[[ Given material, beginning ]]

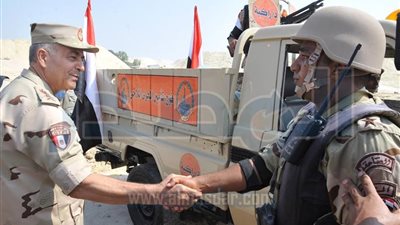 الفريق محمود حجازى يراجع خطط تأمين المجرى الملاحى لقناة السويس 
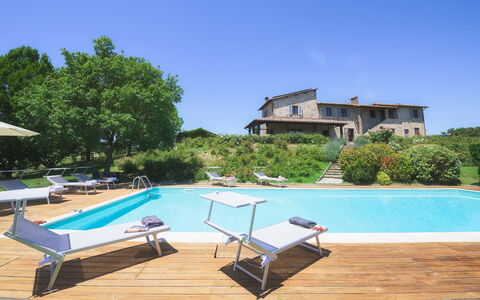 La Panoramica 8: Piscina, Recurso, Barrio Residencial, Inmuebles, Asentamientos Humanos, Casa De Campo, Villa, Hacienda, Mueble Para Exteriores, Eco Hotel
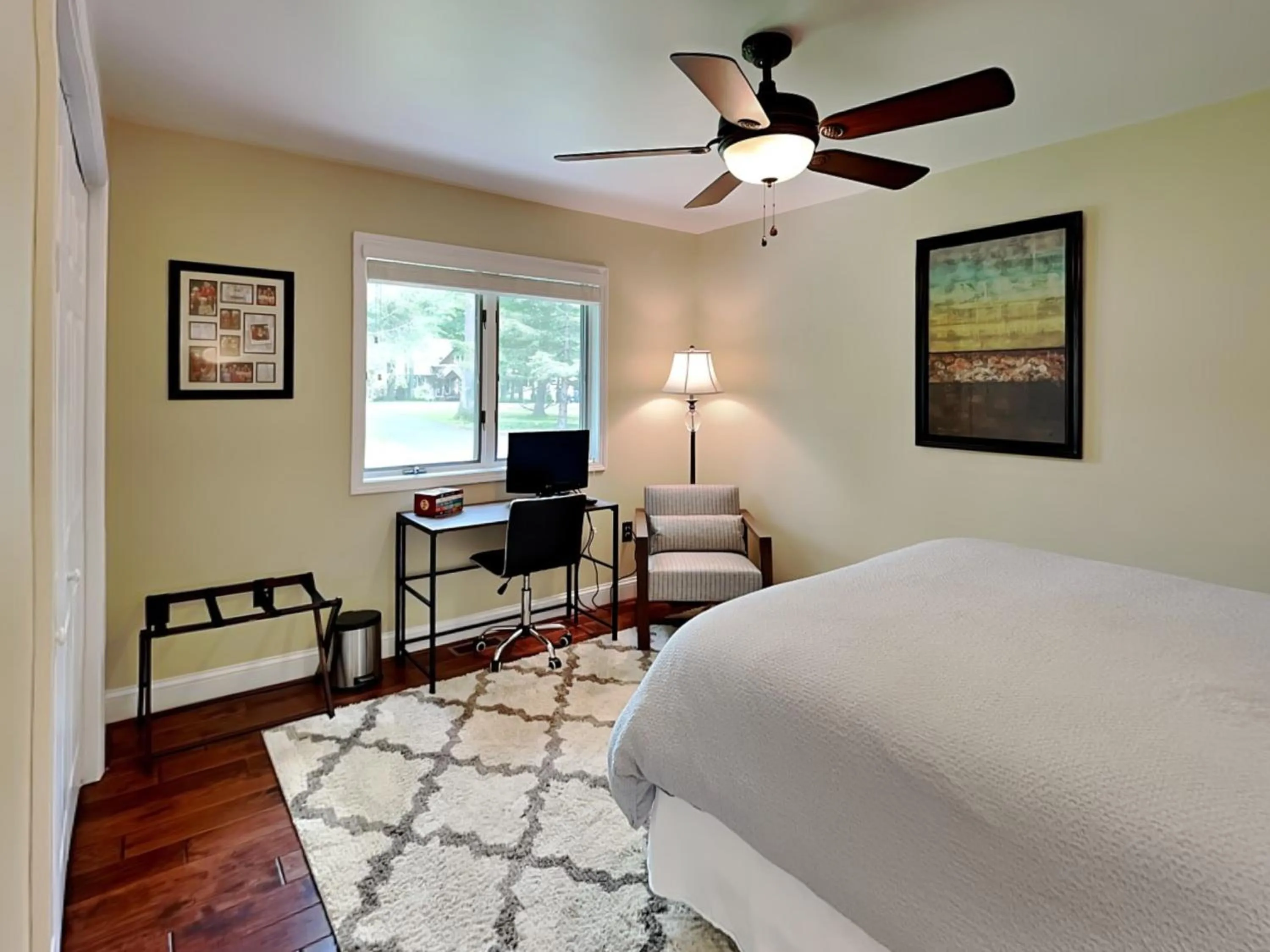 Property building, Bed in Yes Deer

[[ Given material, end ]]

• **Task prompt**:
Wherever a picture appears in the listing above, drop it, and restate the rest exactly.

• **Answer below**:
 الفريق محمود حجازى يراجع خطط تأمين المجرى الملاحى لقناة السويس 
 La Panoramica 8: Piscina, Recurso, Barrio Residencial, Inmuebles, Asentamientos Humanos, Casa De Campo, Villa, Hacienda, Mueble Para Exteriores, Eco Hotel
 Property building, Bed in Yes Deer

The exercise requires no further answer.